Thirty minutes later, Jeff knocked on the bathroom door. “Are you guys okay in there?”

With faucet running, I managed to say, “Yeah, we’re fine. Go back to the party.”

Through the door, he whispered, “I know what you’re trying to do. And you don’t have to. Just put the clothes in a plastic bag and join the party.”

Devastated, I opened the door. Jeff found the once-beautiful outfit soaking in the sink. No detergent on earth could act as a magic cure.

Utterly ruined.

If ever there was a time to say, “I told you so,” it was at this moment.

Instead, he picked Brynn up, kissed my forehead and never brought it up again.

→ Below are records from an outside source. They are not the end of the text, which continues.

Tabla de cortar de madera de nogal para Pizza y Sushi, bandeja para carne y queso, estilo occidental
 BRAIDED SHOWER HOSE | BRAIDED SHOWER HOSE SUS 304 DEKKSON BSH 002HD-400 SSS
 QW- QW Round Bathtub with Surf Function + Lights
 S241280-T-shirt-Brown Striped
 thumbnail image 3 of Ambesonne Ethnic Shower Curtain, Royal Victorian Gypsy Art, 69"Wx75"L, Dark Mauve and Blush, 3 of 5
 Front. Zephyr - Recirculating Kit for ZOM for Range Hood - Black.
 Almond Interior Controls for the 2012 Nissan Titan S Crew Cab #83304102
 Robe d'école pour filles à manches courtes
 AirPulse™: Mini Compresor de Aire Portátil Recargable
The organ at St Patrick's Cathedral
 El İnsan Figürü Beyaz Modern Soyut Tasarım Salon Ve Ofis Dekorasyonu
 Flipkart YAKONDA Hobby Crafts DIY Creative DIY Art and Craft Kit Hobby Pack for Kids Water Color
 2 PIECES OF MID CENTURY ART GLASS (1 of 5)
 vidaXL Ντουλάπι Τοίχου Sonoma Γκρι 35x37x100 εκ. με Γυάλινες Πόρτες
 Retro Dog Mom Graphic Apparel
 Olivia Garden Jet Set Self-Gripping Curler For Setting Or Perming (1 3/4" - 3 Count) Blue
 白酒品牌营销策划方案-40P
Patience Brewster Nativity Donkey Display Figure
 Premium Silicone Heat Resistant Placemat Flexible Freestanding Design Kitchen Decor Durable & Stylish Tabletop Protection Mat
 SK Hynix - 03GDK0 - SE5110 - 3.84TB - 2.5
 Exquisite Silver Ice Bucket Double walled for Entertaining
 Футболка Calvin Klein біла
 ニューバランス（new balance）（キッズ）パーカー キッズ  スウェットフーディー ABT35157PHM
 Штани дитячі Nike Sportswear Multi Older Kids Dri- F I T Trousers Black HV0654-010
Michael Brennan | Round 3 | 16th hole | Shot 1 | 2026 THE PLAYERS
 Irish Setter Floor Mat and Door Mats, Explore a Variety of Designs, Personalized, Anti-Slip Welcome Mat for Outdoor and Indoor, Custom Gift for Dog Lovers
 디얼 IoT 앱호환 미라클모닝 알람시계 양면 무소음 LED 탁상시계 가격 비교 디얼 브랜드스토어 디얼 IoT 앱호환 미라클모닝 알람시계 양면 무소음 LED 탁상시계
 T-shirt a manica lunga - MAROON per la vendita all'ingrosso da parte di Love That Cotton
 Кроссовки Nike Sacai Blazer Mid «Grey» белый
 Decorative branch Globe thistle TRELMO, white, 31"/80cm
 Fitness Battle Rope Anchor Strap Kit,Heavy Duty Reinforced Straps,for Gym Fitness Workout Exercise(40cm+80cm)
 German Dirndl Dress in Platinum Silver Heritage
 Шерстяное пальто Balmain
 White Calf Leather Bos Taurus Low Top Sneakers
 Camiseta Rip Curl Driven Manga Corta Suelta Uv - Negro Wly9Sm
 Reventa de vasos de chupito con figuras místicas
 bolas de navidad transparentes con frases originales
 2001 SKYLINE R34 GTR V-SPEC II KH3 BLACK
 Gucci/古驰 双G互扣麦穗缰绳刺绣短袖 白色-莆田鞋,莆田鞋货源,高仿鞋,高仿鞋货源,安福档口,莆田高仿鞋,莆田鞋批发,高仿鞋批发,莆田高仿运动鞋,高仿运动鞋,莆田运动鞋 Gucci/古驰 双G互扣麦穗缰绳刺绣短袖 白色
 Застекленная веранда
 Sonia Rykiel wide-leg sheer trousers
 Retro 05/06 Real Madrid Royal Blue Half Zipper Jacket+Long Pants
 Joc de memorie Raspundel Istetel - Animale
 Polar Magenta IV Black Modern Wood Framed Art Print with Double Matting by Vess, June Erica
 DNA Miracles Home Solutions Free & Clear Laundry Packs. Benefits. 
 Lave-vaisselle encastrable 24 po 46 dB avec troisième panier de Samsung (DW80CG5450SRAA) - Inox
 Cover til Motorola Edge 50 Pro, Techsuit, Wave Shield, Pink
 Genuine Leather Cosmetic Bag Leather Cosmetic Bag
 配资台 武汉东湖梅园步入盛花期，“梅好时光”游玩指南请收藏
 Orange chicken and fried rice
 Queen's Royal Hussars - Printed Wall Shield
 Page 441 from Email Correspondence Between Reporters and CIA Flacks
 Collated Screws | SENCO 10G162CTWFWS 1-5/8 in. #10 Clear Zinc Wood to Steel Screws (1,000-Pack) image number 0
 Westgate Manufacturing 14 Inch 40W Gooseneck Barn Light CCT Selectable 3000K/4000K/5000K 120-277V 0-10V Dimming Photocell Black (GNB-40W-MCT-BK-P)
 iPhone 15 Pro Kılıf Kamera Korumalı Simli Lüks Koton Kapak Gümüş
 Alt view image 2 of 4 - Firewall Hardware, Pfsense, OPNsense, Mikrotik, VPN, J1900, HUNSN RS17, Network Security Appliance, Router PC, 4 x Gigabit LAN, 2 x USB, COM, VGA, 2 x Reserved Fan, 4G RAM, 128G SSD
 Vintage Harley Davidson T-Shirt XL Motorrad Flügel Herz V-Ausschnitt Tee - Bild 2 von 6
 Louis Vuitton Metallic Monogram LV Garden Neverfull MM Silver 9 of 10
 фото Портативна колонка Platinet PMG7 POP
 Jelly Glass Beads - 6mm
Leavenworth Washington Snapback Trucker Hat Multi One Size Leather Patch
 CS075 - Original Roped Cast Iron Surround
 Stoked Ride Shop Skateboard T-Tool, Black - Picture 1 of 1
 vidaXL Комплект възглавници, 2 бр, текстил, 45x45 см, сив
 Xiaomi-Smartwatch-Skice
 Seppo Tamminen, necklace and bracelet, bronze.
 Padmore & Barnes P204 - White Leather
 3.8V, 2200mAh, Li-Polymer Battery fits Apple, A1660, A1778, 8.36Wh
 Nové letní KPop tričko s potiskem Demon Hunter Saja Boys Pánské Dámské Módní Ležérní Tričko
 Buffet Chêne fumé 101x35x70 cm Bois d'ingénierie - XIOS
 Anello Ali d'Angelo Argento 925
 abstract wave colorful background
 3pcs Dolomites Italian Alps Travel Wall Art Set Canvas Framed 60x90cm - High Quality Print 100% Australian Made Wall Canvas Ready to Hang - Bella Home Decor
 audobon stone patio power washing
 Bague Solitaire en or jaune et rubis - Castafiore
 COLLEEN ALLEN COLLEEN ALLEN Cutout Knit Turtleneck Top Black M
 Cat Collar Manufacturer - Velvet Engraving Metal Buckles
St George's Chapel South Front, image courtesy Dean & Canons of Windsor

Needless to say, I never shopped at that store again either. It wasn’t worth it. Not with our budget. And if a circumstance happens to arise when I feel the urge to tell him, “I told you so,” I remember that day.



Kelly Combs said...

Great post DJ. I wanted to buy the sleigh bed crib for thousands of dollars, and my "mean" husband told me "no." We got a modest, yet nice, crib. And when my daugher moved to the toddler bed and the crib was stored in the attic, I realized how silly it would have been to spend that money on something we used 2 years. Instead we could invest in a nice bedroom suit for her to use from youth - college.

Thank goodness for husbands with grace.

Warren Baldwin said...

You do a good job of turning a great story into a greater lesson.

Marsha Young said...

An eye-popping story; and I cannot believe that in all the years since then, I have never heard it - from either of you! :)

Good job!

Beth.. One Blessed Nana said...

as a mother to 3 girls (now all grown) i feel your pain here! i am tempted to do the same for my 2 granddaughters and have to remind myself that they will outgrow it quicker than i can pay for it!

love this story DJ - several great lessons in it.

D.J. Hughes said...

Kelly, thanks for sharing your story about the sleigh bed. I can so relate!

Warren, thank you. I learn so much from reflecting on experiences.

Marsha, yep, I haven't told that story to many - until now anyway. :)

Beth, thanks. God bless you as you help influence your beautiful grandchildren in Godly ways.

Sonya Lee Thompson said...


I love this post. Thank you for your transparency. We can all learn from this lesson.